This idea for a post has been percolating for a while. I feel like now I am finally ready to share it.
Last semester, in the class 8.13 — Experimental Physics I, one of the experiments that I did was investigating the phenomena of Johnson noise and shot noise and using thes to find, respectively, the Boltzmann constant and electron charge. The other experiments that I did were investigating properties of hydrogen-like atoms through spectroscopy, and determining the speed and decay times of cosmic-ray muons. By far the best and worst experience was with Johnson noise. Follow the jump to read on.
I feel that the physics behind Johnson noise, compared to the other experiments, is truly spectacular. Part of me is biased because I have become rather interested in statistical mechanics (and more of that will come in future posts), but I think it is really profound how a microscopic quantity like the Boltzmann constant can be measured through purely macroscopic means. Nyquist's paper on the subject needs a few readings through to be fully understood, but it is amazing how the physics is presented there. He essentially uses basic circuit theory to argue for the form of Johnson noise. I would like to share what was written, though the paper is certainly well-worth reading.
Consider two resistors $R$ connected by parallel wires with no impedance of any kind. Electrons move in the wires thanks to thermal excitement at a temperature $T$. If the system is at thermal equilibrium, then the power $P = RI^2$ transferred from the first resistor to the second is the same as from the second resistor to the first, regardless of the details of the resistors (e.g. shape, chemical composition).
Now suppose that connecting the two wires are an inductor $L$ and capacitor $C$ in series, such that $R^2 C = L$. If indeed the circuit is resonant, then more power could be gotten by sending voltage from a resistor through the inductor-capacitor element, but this violates the laws of thermodynamics. Hence, the voltage from thermal excitations of electrons only depends on resistance and temperature.

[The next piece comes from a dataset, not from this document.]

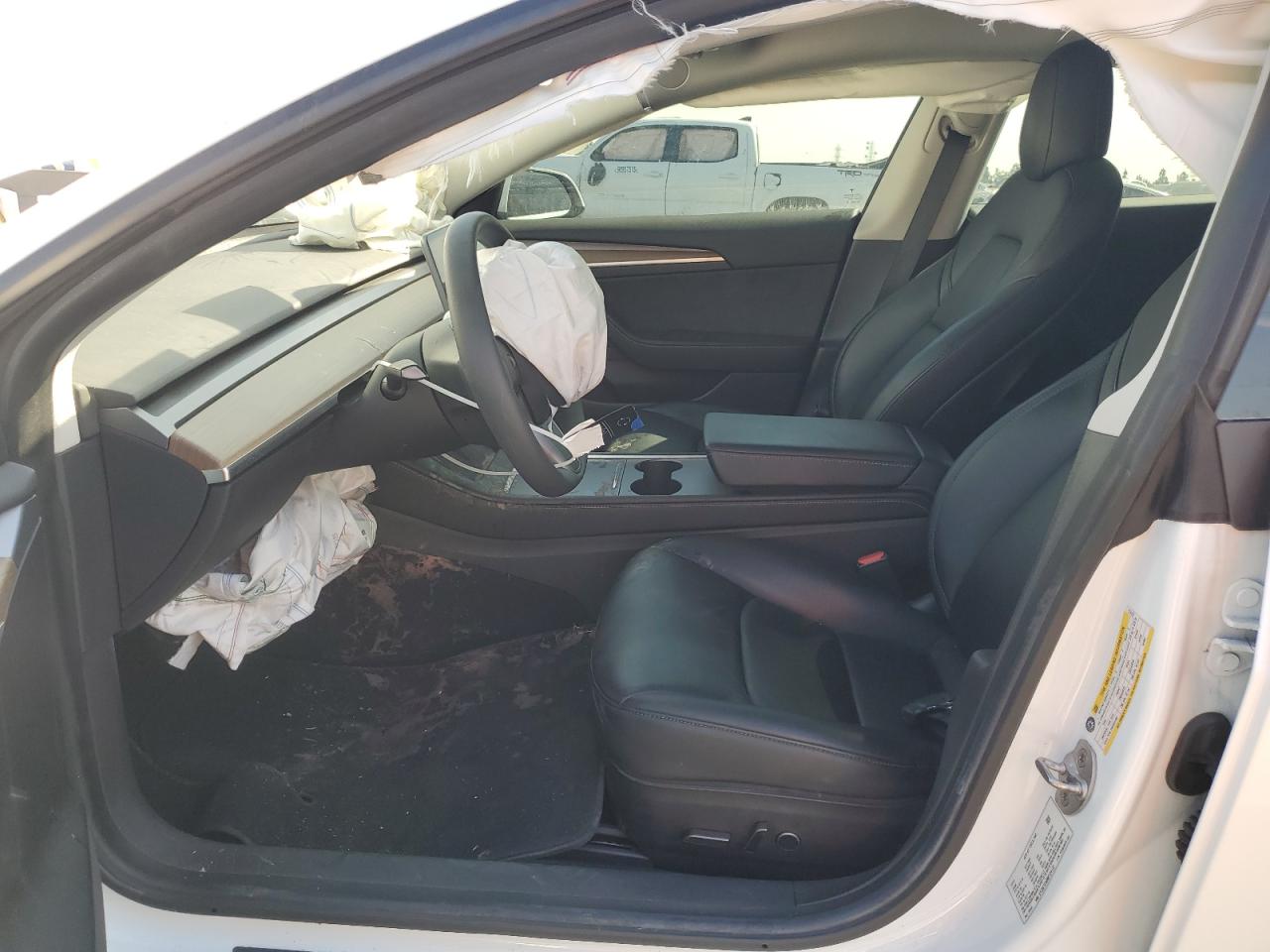 Tesla Model 3 Image 6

Now consider the original situation, modified so that the parallel wires have inductance and capacitance per unit length such that the characteristic impedance of the transmission line is equal to the resistance at either end: $Z_0 = \sqrt{\frac{L}{C}} = R$. This implies that the transmission line is impedance-matched at either end, so any power sent from one resistor will be fully absorbed (i.e. no reflection) by the other resistor, and vice versa.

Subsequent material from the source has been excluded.